Clinical Assessment and Differential Diagnosis of Pediatric Pseudotumor Cerebri Syndrome: Pearls and Pitfalls
22 November 2014
19 January 2015
13 July 2015 (online)
Pseudotumor cerebri syndrome (PTCS) is defined by the presence of elevated intracranial pressure in the setting of normal brain parenchyma and normal cytologic and chemical analyses of the cerebrospinal fluid.
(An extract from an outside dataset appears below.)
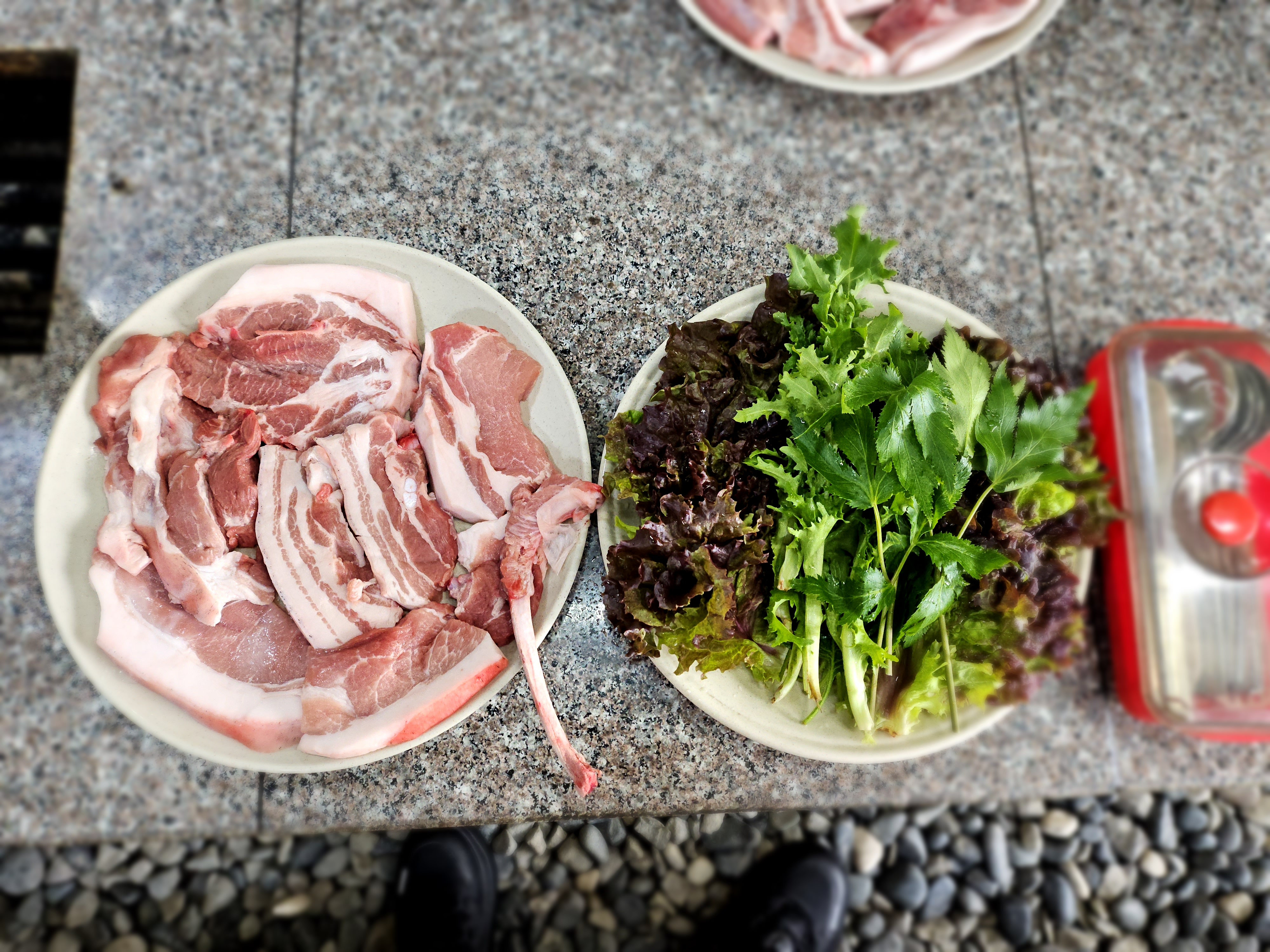 돼지사랑 사진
Pathophysiology of this syndrome remains unclear, while its incidence may be potentially rising in children. The presenting signs and symptoms of PTCS are heterogeneous to usually include headache, papilledema, and visual disturbances (i.e., vision loss or double vision). The clinical features of PTCS in children have changed over the years, making the diagnosis challenging in some cases. Young children may present with atypical symptoms, such as those mimicking a posterior fossa tumor. There are reports of PTCS in children in the absence of headache. Papilledema, considered the acute hallmark of PTCS at onset, can also be absent. It is thus important for pediatricians to recognize atypical presentations especially as previous studies have suggested children presenting with headache in the absence of papilledema or those with papilledema in the absence of any other clinical signs may have increased risk of developing visual constriction deficits and permanent loss of vision, respectively. Moreover, many conditions in the pediatric age group may mimic PTCS, such as migraine and tension headaches. Cerebral venous sinus thrombosis and some neoplastic processes such as gliomatosis cerebri and leptomeningeal spread of hematologic malignancies are known to augment intracranial pressure and have to be carefully excluded. To avoid misdiagnosis and potential long-term sequel, a thorough clinical assessment is crucial to promptly and correctly recognize PTCS.